This study addresses the issue of functional stability in a model HTSMA, Ti50.5Ni24.5Pd25, for its use as a compact solid-state actuator. Since the primary reason for functional instability is the creation of lattice defects (dislocations, vacancies, etc.) during repeated transformation cycles, several methods were successfully undertaken to improve the functional stability through inhibiting the generation of these defects. Solid-solution strengthening through Sc microalloying and thermomechanical treatments via severe plastic deformation were the two approaches used to strengthen the HTSMA against defect generation. Thermal cycling the HTSMA under stress was the third method to voluntarily introduce defects into the microstructure such that further defect generation during application would be impeded. Overall, severe plastic deformation was found to be more efficient than other strengthening methods in improving the functional stability of TiNiPd HTSMA, yet it brought about disadvantages such as reduction in transformation strain and transformation temperatures.

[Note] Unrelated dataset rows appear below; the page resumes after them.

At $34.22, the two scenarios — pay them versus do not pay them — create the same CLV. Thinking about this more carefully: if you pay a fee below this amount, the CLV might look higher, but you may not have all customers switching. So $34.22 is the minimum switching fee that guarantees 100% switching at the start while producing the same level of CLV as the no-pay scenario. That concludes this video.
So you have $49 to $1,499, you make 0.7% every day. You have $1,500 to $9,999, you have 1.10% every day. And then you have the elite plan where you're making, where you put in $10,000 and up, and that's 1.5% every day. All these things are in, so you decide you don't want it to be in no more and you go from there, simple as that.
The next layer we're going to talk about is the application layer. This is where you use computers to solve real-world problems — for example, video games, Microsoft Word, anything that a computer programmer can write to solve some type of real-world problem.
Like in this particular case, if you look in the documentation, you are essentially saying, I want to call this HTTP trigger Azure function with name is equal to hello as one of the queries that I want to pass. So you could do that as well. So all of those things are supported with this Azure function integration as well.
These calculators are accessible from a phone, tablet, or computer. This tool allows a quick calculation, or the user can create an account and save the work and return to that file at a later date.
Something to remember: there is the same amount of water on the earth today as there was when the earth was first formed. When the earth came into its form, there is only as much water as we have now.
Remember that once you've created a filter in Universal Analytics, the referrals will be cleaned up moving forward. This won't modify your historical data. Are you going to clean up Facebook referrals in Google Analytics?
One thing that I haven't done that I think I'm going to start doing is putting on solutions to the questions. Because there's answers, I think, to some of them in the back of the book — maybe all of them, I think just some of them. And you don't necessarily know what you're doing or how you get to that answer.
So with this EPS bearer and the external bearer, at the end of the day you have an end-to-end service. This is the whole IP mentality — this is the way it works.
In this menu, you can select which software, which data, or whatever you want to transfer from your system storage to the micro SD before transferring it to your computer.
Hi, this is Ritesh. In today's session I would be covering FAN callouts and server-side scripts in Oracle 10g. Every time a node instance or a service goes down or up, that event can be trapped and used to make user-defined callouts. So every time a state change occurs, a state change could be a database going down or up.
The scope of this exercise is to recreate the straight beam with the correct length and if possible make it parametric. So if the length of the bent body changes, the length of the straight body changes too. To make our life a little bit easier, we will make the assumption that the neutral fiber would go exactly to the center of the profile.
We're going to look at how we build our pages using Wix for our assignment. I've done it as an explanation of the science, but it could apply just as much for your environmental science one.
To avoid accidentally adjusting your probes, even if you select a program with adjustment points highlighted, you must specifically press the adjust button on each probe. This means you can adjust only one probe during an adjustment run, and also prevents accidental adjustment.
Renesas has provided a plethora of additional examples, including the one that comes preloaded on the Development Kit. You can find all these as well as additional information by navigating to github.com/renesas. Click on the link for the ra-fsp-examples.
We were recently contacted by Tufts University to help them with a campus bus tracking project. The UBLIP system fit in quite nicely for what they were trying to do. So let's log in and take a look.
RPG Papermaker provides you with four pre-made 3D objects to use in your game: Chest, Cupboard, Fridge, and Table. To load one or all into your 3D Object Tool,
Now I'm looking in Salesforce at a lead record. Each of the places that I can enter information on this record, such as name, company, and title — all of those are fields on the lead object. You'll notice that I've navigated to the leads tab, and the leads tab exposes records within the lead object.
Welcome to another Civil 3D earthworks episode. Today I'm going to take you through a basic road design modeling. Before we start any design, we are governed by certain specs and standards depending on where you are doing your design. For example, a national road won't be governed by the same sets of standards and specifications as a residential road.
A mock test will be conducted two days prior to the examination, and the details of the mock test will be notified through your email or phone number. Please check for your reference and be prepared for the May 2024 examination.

While functional instability is due to the creation of lattice defects, the generation of these defects is mainly controlled by the crystallographic incompatibility between martensitically transforming phases and the strength levels for plastic deformation. It was shown that TiNiPd HTSMAs, which exhibited martensitic transformation from a cubic (B2) to orthorhombic (B19) symmetry, illustrated better compatibility and thus better functional stability levels compared to TiNi SMAs, which had a B2 to monoclinic (B19?) transition. Although crystallographic incompatibility seems to be the governing factor for the functional stability of the TiNiPd HTSMA, the strength differential between the onset of plastic deformation and local constraint due to the martensitic transformation was also found to be an influential factor determining the overall stable behavior.

Functional stability was also investigated for the two-way shape memory effect (TWSME) in TiNiPd HTSMAs. Better strength and compatibility levels compared to TiNi SMAs were also reflected in the TWSME characteristics in the form of enhanced stability under stress-free thermal cycling. The stability during constrained thermal cycling was not as good and TWSME degraded rapidly while doing work against an opposing stress. Nevertheless, work output levels were much higher as compared to those obtained from conventional TiNi and Cu-based SMAs.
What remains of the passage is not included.